Ray Bradbury’s unconventional outlook on life produced unforgettable classics such as The Martian Chronicles and Fahrenheit 451. For those unfamiliar with his work, Bradbury Stories: 100 of His Most Celebrated Tales provides excellent examples of his short fiction.
WOW: With your background in journalism, do you ever find inspiration for your fiction from stories in the headlines?
Kathy: All the time.
Byron wrote, “'Tis strange—but true; for truth is always strange; Stranger than fiction.” He was right. In fact, I have taken ideas from the headlines and added a paranormal element to make the stories more convincing.

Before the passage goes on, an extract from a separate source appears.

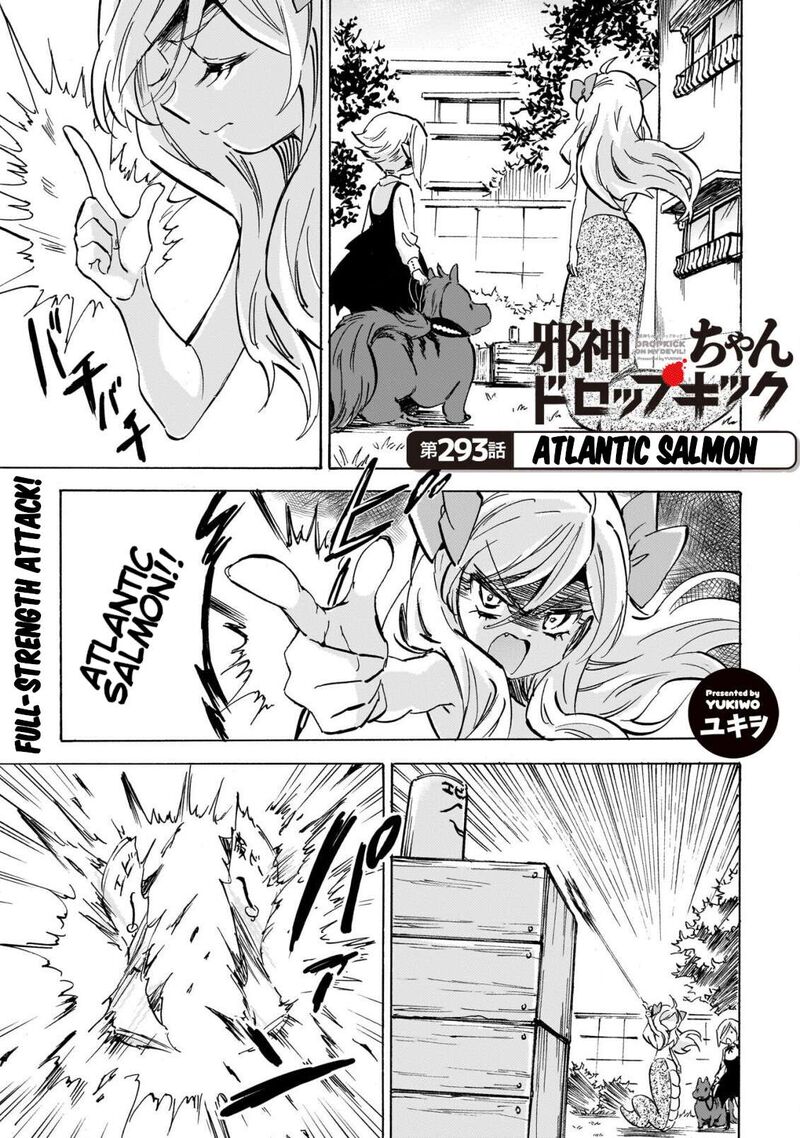 Jashin Chan Dropkick Chapter 299 Page 1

Who would ever believe that a man could be trapped at the bottom of the ocean in an overturned boat and be found alive after more than three days? But if readers think the man was saved by a time warp, they can accept it as believable fiction.
WOW: You are active on social media, which is an important part of an author's platform these days. Do you have any tips for finding new followers on Twitter and Facebook and finding engaging content to share with them?

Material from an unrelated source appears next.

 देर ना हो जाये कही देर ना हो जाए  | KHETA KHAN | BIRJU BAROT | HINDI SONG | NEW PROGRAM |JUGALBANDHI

- Make interest lists. Then share content from those lists.
- If someone retweets or shares, return the favor.
- If a friend or follower e-mails you, respond immediately.

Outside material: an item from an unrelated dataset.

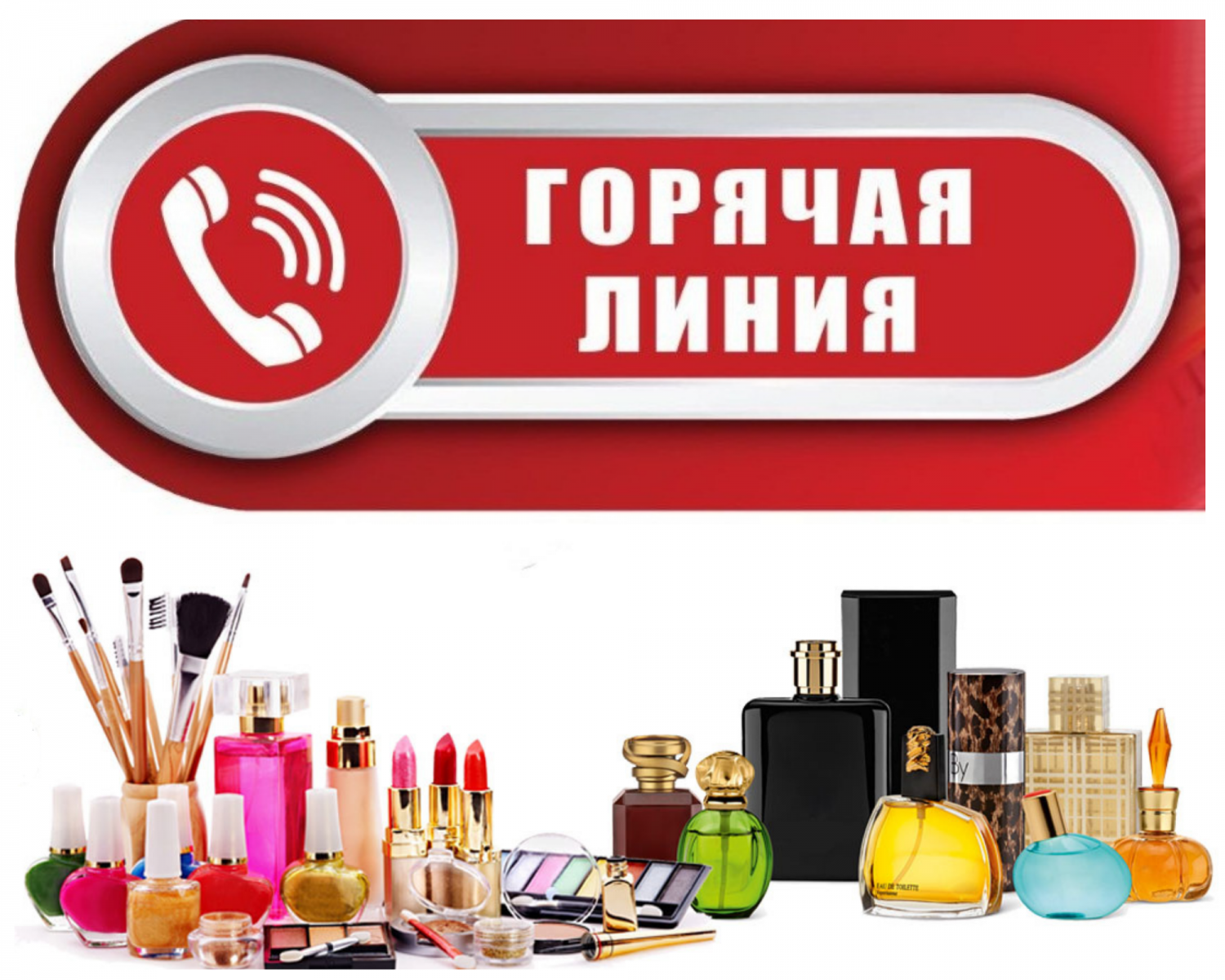Консультирование по качеству и безопасности парфюмерно-косметической продукции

- Share your Twitter and Facebook links in every e-mail, newsletter, book, literary journal, and on your website.
But beware! An author can spend too much time on social media. Restrict yourself to a certain number of minutes daily, then get back to what you love: writing.
WOW: I am impressed by the varied list of published books under your belt. How do you juggle and prioritize all your different writing projects?
Kathy: I keep lists and tick things off as I do them. My house, car, cell phone, and purse are filled with reminders and story ideas. I maintain a routine, but it’s not an iron-clad schedule that I can’t break. Adhering to the same routine every day can make for a humdrum existence. I like to vary the time and order of tasks. The little changes help to spark creativity.
The important thing is to write. Every day.
WOW: Do you have any tips about writing flash fiction for our readers?
Kathy: Flash fiction, by definition, is short. Ironically, my comments about flash will be the longest part of this interview.
Just because a piece is flash fiction doesn’t mean that it shouldn’t have a beginning, middle, and end. The end might be open, but it should be discernable. For example, in “Hitchhiker”, I let readers decide whether Dianne is an alien hunter or just a deluded woman.
Sit down and write your story. Don’t worry about repetition, descriptions, and moments of brilliance. Then go through it, removing everything that doesn’t further your plot—especially clichés and flowery writing that could be classified as purple prose.
Keep your paragraphs short. Huge blocks of text are difficult for readers to follow, especially on electronic devices.
Only add descriptions where they push your story forward. Do you have enough room to describe textures, colors, scents, sounds, and feelings? Insert if appropriate. Descriptive writing tends to slow a plot. Use that to your advantage when you want to provide a break in action or give the reader time to absorb what you’ve written to that point.
After your first rewrites, put the piece away for a few days—or at least for a few hours—before you revise further. Read it out loud. If your tongue stumbles over difficult phrasing or you lose your breath before you finish a sentence, change it.
Then put the story away again before final revisions.
At some point, you have to stop revising, or you can lose the soul of a piece.